What you need to do => Pictures must not be copied, but every entry must be reproduced exactly.

[Opening Records for this exercise section]

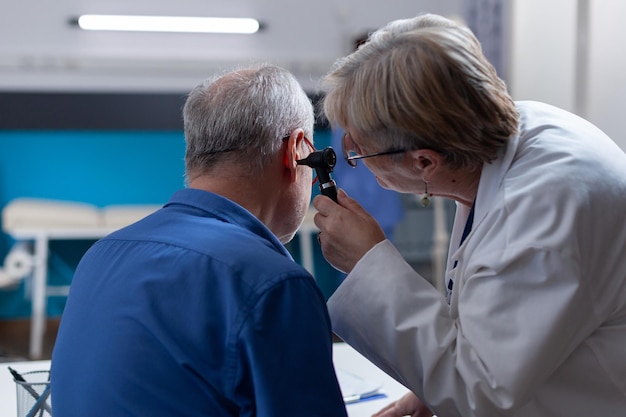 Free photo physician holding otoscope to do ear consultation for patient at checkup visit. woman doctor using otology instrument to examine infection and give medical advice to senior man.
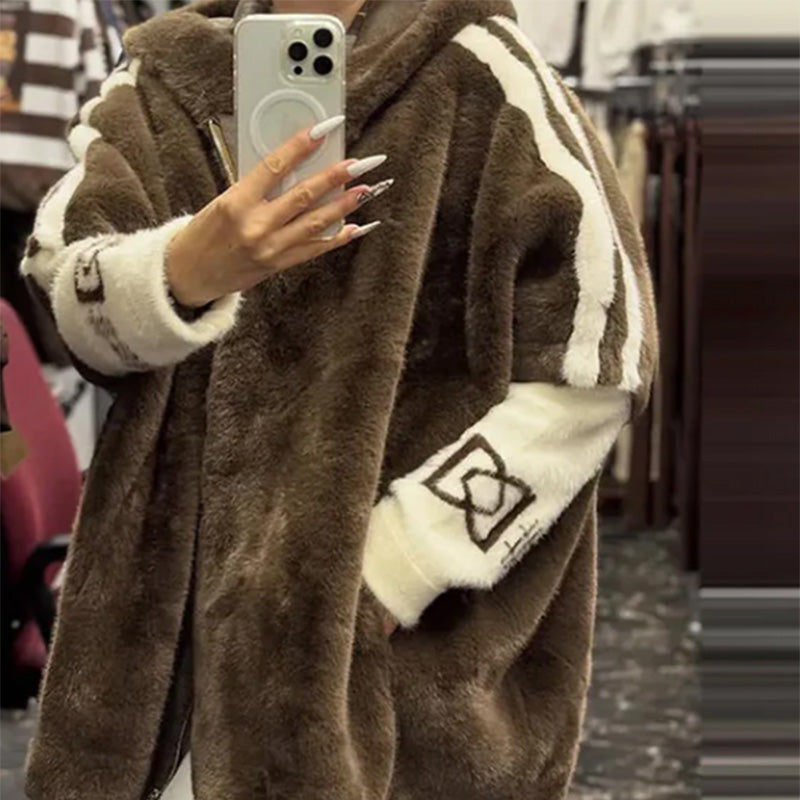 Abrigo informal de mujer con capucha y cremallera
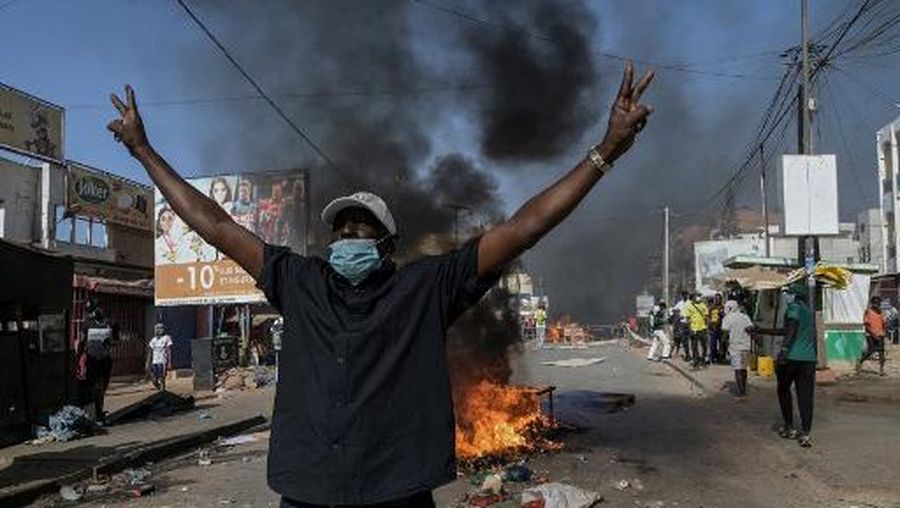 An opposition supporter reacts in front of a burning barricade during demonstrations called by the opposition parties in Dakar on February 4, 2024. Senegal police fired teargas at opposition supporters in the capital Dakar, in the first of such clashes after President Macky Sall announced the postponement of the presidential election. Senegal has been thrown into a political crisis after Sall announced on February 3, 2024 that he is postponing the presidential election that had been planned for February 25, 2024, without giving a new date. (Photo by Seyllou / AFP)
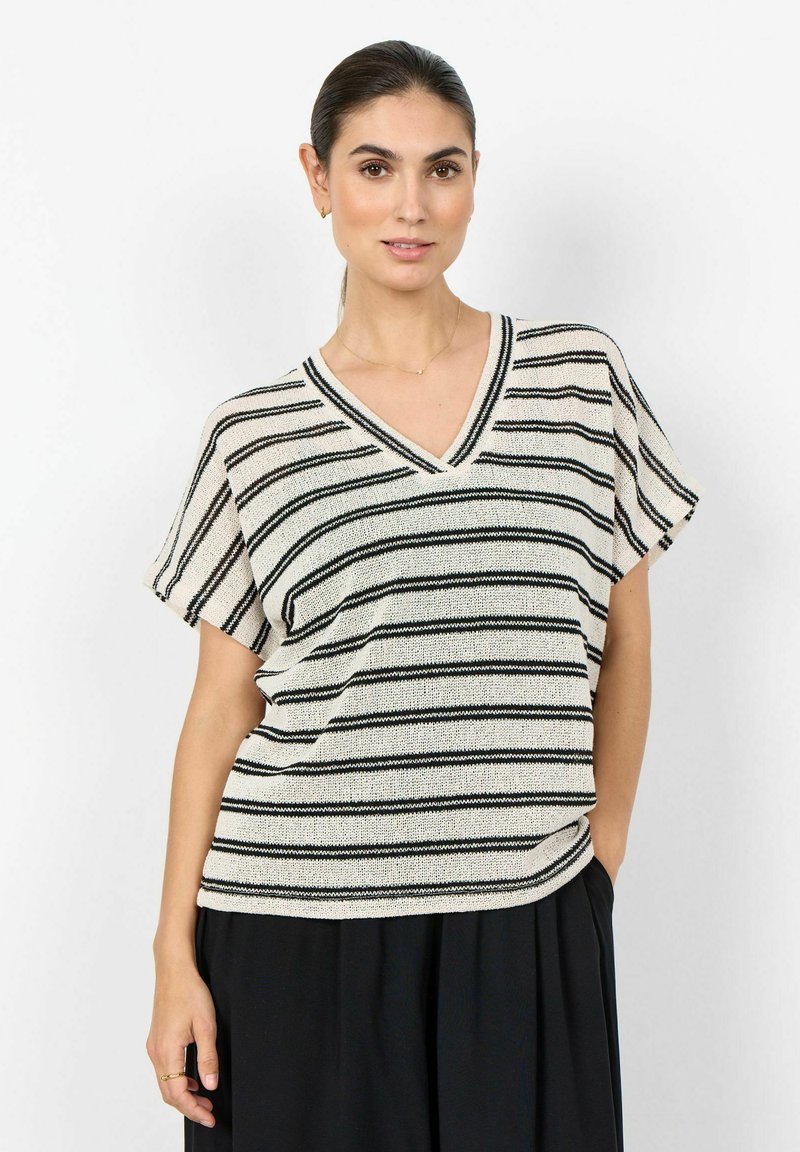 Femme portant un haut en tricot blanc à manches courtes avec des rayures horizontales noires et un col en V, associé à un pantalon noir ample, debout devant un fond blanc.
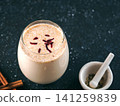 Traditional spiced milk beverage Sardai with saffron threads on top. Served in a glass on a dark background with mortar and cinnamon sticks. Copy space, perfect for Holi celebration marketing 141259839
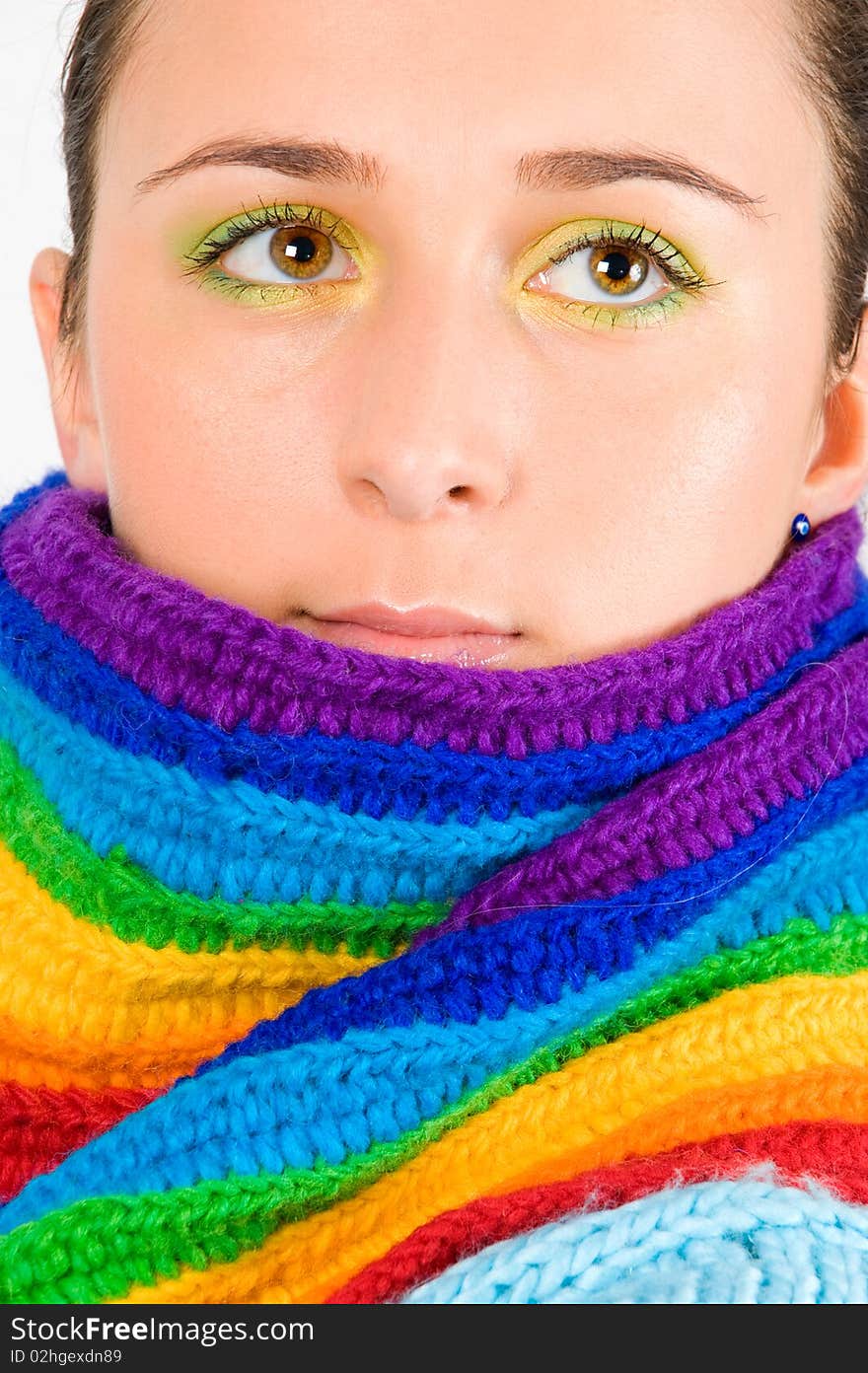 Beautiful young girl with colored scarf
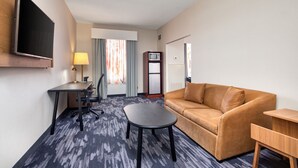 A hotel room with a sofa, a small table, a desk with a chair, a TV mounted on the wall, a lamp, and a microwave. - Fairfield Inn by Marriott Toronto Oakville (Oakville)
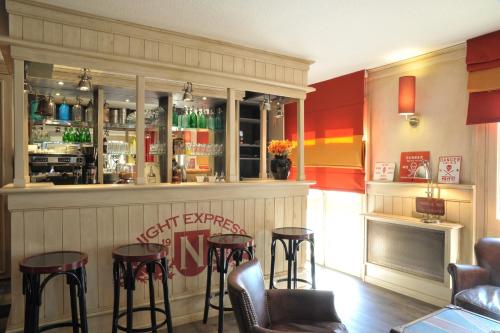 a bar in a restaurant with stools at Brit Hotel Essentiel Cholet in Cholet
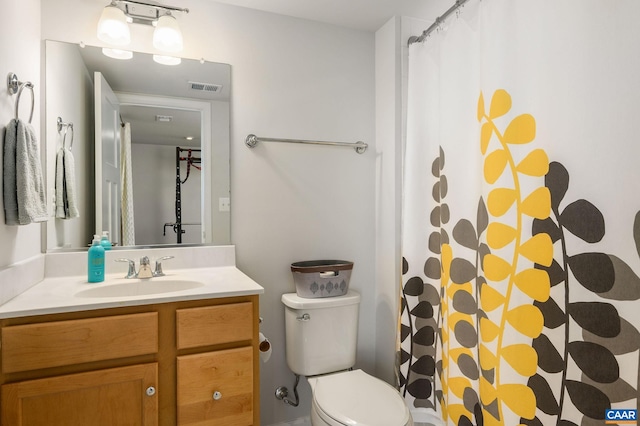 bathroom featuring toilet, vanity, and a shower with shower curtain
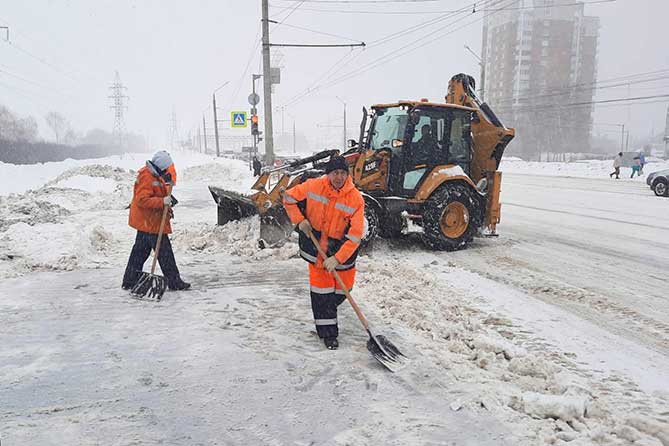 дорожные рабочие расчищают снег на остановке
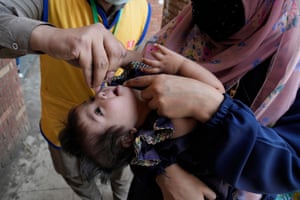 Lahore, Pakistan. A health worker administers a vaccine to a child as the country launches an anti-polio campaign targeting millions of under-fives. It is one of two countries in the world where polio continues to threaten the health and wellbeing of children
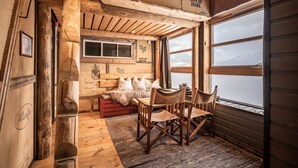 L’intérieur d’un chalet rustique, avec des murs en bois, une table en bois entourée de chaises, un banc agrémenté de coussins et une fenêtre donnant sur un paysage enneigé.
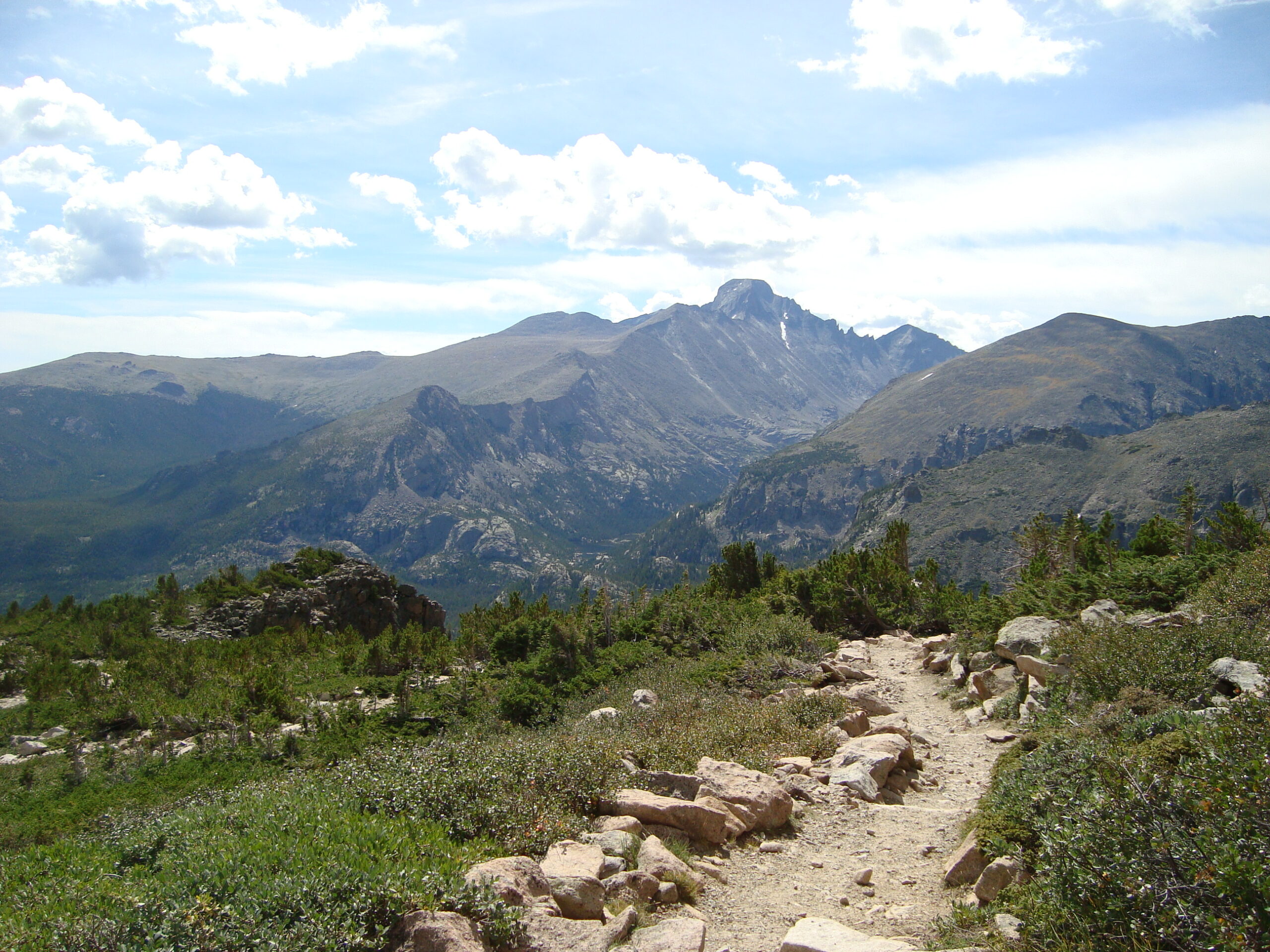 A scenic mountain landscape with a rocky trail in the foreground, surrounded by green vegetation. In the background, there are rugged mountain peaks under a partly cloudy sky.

[Closing Records for this exercise section]

Final answer =>
 Free photo physician holding otoscope to do ear consultation for patient at checkup visit. woman doctor using otology instrument to examine infection and give medical advice to senior man.
 Abrigo informal de mujer con capucha y cremallera
 An opposition supporter reacts in front of a burning barricade during demonstrations called by the opposition parties in Dakar on February 4, 2024. Senegal police fired teargas at opposition supporters in the capital Dakar, in the first of such clashes after President Macky Sall announced the postponement of the presidential election. Senegal has been thrown into a political crisis after Sall announced on February 3, 2024 that he is postponing the presidential election that had been planned for February 25, 2024, without giving a new date. (Photo by Seyllou / AFP)
 Femme portant un haut en tricot blanc à manches courtes avec des rayures horizontales noires et un col en V, associé à un pantalon noir ample, debout devant un fond blanc.
 Traditional spiced milk beverage Sardai with saffron threads on top. Served in a glass on a dark background with mortar and cinnamon sticks. Copy space, perfect for Holi celebration marketing 141259839
 Beautiful young girl with colored scarf
 A hotel room with a sofa, a small table, a desk with a chair, a TV mounted on the wall, a lamp, and a microwave. - Fairfield Inn by Marriott Toronto Oakville (Oakville)
 a bar in a restaurant with stools at Brit Hotel Essentiel Cholet in Cholet
 bathroom featuring toilet, vanity, and a shower with shower curtain
 дорожные рабочие расчищают снег на остановке
 Lahore, Pakistan. A health worker administers a vaccine to a child as the country launches an anti-polio campaign targeting millions of under-fives. It is one of two countries in the world where polio continues to threaten the health and wellbeing of children
 L’intérieur d’un chalet rustique, avec des murs en bois, une table en bois entourée de chaises, un banc agrémenté de coussins et une fenêtre donnant sur un paysage enneigé.
 A scenic mountain landscape with a rocky trail in the foreground, surrounded by green vegetation. In the background, there are rugged mountain peaks under a partly cloudy sky.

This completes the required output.